For my Immersive Experience, I attended the Grenoble Energy Conversion & Storage (ENGINE2025) Winter School at the Grenoble Institute of Technology in Grenoble, France. Given that developing energy production and storage technologies are integral to energy, this was an interesting and crucial topic for instruction, especially for graduate students working on topics related to this field. This workshop was also a  unique experience since the organizers facilitated a mix of content: lectures on fundamentals of electrochemistry and interfacial science, selected research applications such as all-solid-state batteries, tours of world-class international research facilities such as the Institut Laue-Langevin (ILL) and European Synchrotron Radiation Facility (ESRF), and poster sessions where we had the chance to both present our own research, as well as discuss our topics with other students, staff scientists, and others. I presented a poster, “Bayesian Optimization-Driven Autonomous Exploration of Polymer Phase Boundaries” and focused on my recent developments in establishing experimental workflows to increase resource utilization efficiency and time efficiency in the study polymer-based materials by employing Gaussian process (GP)-informed Bayesian optimization (BO) methods.

group of people standing in front of the EPN Science Campus sign

This entire experience in Grenoble was unique because it helped me gain perspective on both the scientific content and machine learning-related aspects of my research on developing polymer phase diagrams. On the science side, I eventually want to move towards using these Bayesian methods to develop solid polymer electrolytes (SPEs) for solid state batteries, but out of all of the workshop attendees, I probably had the least extensive background in electrochemistry.

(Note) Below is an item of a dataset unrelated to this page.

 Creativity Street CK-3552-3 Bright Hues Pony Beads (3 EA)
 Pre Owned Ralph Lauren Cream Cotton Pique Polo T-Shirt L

However, through the earlier fundamentals-oriented presentations, I began to learn the vocabulary and basic mechanisms of how chemical processes such as lithiation during battery cycling affected the structure and properties of a battery. Additionally, I developed an appreciation for how my specific research would fit into the context of applied science: solid state batteries are generally useful since they have a higher energy density than liquid electrolyte-based batteries, as well as having more favorable safety metrics. But one major drawback is volumetric expansion and contraction from lithiation and delithiation during battery cycling causing ceramic-based electrolytes to either delaminate or have otherwise adverse interfacial interactions with the electrodes. Alternatively, SPEs have more favorable flexibility and toughness which help promote better interfacial contact, even during cycling.

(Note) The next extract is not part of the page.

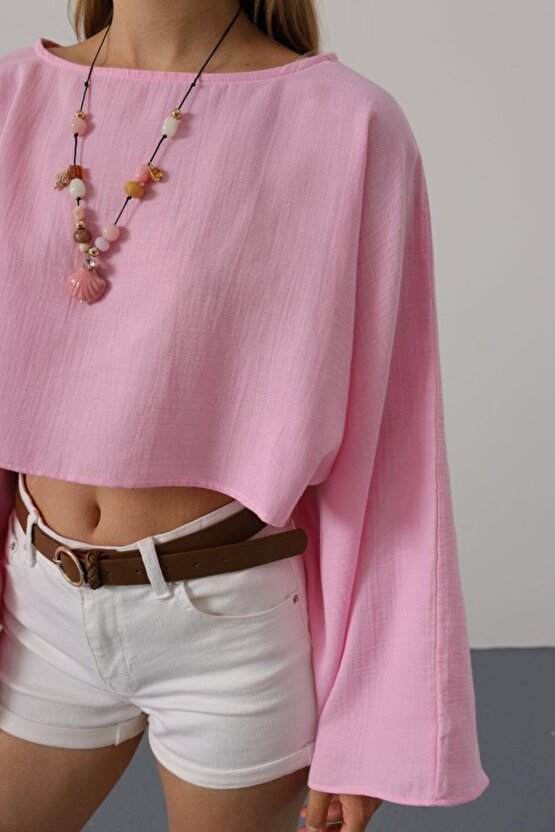 YARASA KOLLU CROP BLUZ - Pembe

On the machine learning side, it was interesting to see that I don’t recall any of the student-presented posters mentioning machine learning methods, and few of the presentations did either. For a field where many of the materials used in complex, multicomponent applications are composites themselves, there is a lot of unexplored potential in leveraging machine learning processes. For instance, ML could be used to help navigate high-dimensional material selection, sample preparation, and characterization parameter spaces to make the best material possible for a given application.

On the other hand, it was encouraging that during discussions with beamline scientists at the ILL and ESRF, they were either already starting to or at least open to implementing data science-oriented methods, such as BO, to help with data analysis and sample preparation. This makes sense given not only the complexity of the science at hand, but also the complexity of data analysis: the data output from an experimental session of neutron or X-ray scattering could reach gigabytes or more of total storage space, so having either parallel analysis running during data acquisition, or at least a robust framework laid out beforehand, would be useful. Since beamtime at either of these facilities is such a scarce resource, it would be wise to leverage methods such as BO that employ acquisition functions to recommend only the most useful experiments to be conducted.

Lastly, it was really encouraging to see the level of collaboration that was present even on the other students’ research topics. Many of the other students that presented their posters indicated that several of their collaborators were from foreign countries, so I got to see how frequently and easily different scientists and engineers from different backgrounds and perspectives were able to come together to help address common research goals.

Attending this workshop was an invaluable experience. It taught me how my research in soft matter fits into the bigger picture of energy storage applications, how large-scale research facilities are run, and how collaborative research is fostered across even international borders. It also helped elucidate the underexplored potential of machine learning-based methods for improving scientific workflows, especially in the context of large-scale data processing. In sum, attending the ENGINE2025 Winter School helped me develop a broader understanding and appreciation for how research is conducted – lessons learned that I will apply in my research moving forward.